Trabóse una reñida contienda, y bien pronto la sangre de ambos bandos tiñó el campo. Allí el odio, por tanto tiempo contenido a duras penas, se desbordó.
Durante el fragor de la refriega los cinco nobles inutilizaron sus espadas al chocar contra los aceros de las armaduras, y no pudiendo haber otras armas a mano arrancaron con rudo empuje cinco ramas de una de las infinitas higueras que entonces cubrían el valle, y que por esta circunstancia se llamaba el Campo de las Higueras, y con ellas hicieron tantas y tales proezas, que consiguieron llamar la atención de cristianos y moros.
Desde aquel memorable día agregaron un cuartel más a sus armas. Este fue el de poner en campo de plata cinco hojas de higuera, aludiendo a las cinco ramas con que sustituyeron las espadas, y al apellido que entonces usaban agregaron el de Figueroa, derivación de Figueira o Higuera.
Derrotados completamente los moros, fueron perseguidos con ahínco hasta las montañas, en donde cuenta la tradición no quedó uno solo con vida; y desde aquel día el valle trocó el nombre que tenía de las Higueras por el Valle de las Doncellas que ha llegado a nuestros días, aunque adulterado.
Hoy se llama Val-doncel »
FUENTE
San Martín, Antonio de, El Clamor público. (Madrid) 27 de septiembre 1856, nº. 3758, pág.3.

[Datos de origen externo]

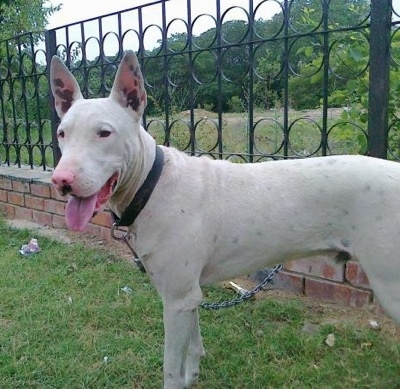 kohati bull terrier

Edición: Pilar Vega Rodríguez
NOTAS
[1] Flámulas: grímpola. Insignia militar con un paño de forma triangular que los caballeros solían llevar al campo de batalla y se ponía en sus sepulturas (DRAE)
[2] Valdoncel, según la tradición anónima de Betanzos, se sitúa en Cachiñas, “muy cerca del lugar en que atracaban las galeras de los moros”, asegura Augusto Gonzáles Besada, Historia crítica de la literatura gallega, 1887, vol 1, pág. 46. Manuel Martínez Santiso, autor de la Historia de la Ciudad de Betanzos (1892) también lo confirma. Aunque la popularidad de la leyenda se debió sobre todo a las novelas de novelista Manuel Fernández y González. (Cfr. Erias Martínez, Alfredo As rúas de Betanzos - Anuario Brigantino (1981?) confirma que la antigua plazuela de Valdoncel se encontraba en la actual plaza de Alfonso IX. El nombre de Rúa da Galera se puso en 1888 para sustituir al Callejón de Cachiñas
[3] Mauregato, rey de Asturias entre 783 y 789, hijo de Alfonso I y de una mujer árabe, Sisalda.